- TASK TO COMPLETE -
Repeat, exactly and completely, the entries shown underneath.
──────── GIVEN DATA
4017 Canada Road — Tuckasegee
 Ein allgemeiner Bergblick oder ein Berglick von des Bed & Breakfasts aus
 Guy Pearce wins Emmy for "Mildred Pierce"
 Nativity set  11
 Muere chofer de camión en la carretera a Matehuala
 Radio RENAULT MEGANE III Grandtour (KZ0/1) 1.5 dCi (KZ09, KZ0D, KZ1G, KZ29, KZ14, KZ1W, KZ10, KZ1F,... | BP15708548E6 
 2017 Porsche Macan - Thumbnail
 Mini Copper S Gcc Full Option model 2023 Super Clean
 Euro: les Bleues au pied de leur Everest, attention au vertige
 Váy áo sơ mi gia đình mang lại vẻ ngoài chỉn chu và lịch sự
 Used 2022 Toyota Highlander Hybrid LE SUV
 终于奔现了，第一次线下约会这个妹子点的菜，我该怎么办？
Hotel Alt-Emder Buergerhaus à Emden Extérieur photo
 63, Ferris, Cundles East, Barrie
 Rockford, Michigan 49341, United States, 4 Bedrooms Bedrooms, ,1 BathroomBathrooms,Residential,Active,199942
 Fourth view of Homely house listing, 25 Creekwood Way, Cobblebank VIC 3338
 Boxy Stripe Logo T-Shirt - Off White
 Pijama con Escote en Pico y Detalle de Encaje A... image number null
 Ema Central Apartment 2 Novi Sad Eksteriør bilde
────────────────
- TASK RESPONSE -
4017 Canada Road — Tuckasegee
 Ein allgemeiner Bergblick oder ein Berglick von des Bed & Breakfasts aus
 Guy Pearce wins Emmy for "Mildred Pierce"
 Nativity set  11
 Muere chofer de camión en la carretera a Matehuala
 Radio RENAULT MEGANE III Grandtour (KZ0/1) 1.5 dCi (KZ09, KZ0D, KZ1G, KZ29, KZ14, KZ1W, KZ10, KZ1F,... | BP15708548E6 
 2017 Porsche Macan - Thumbnail
 Mini Copper S Gcc Full Option model 2023 Super Clean
 Euro: les Bleues au pied de leur Everest, attention au vertige
 Váy áo sơ mi gia đình mang lại vẻ ngoài chỉn chu và lịch sự
 Used 2022 Toyota Highlander Hybrid LE SUV
 终于奔现了，第一次线下约会这个妹子点的菜，我该怎么办？
Hotel Alt-Emder Buergerhaus à Emden Extérieur photo
 63, Ferris, Cundles East, Barrie
 Rockford, Michigan 49341, United States, 4 Bedrooms Bedrooms, ,1 BathroomBathrooms,Residential,Active,199942
 Fourth view of Homely house listing, 25 Creekwood Way, Cobblebank VIC 3338
 Boxy Stripe Logo T-Shirt - Off White
 Pijama con Escote en Pico y Detalle de Encaje A... image number null
 Ema Central Apartment 2 Novi Sad Eksteriør bilde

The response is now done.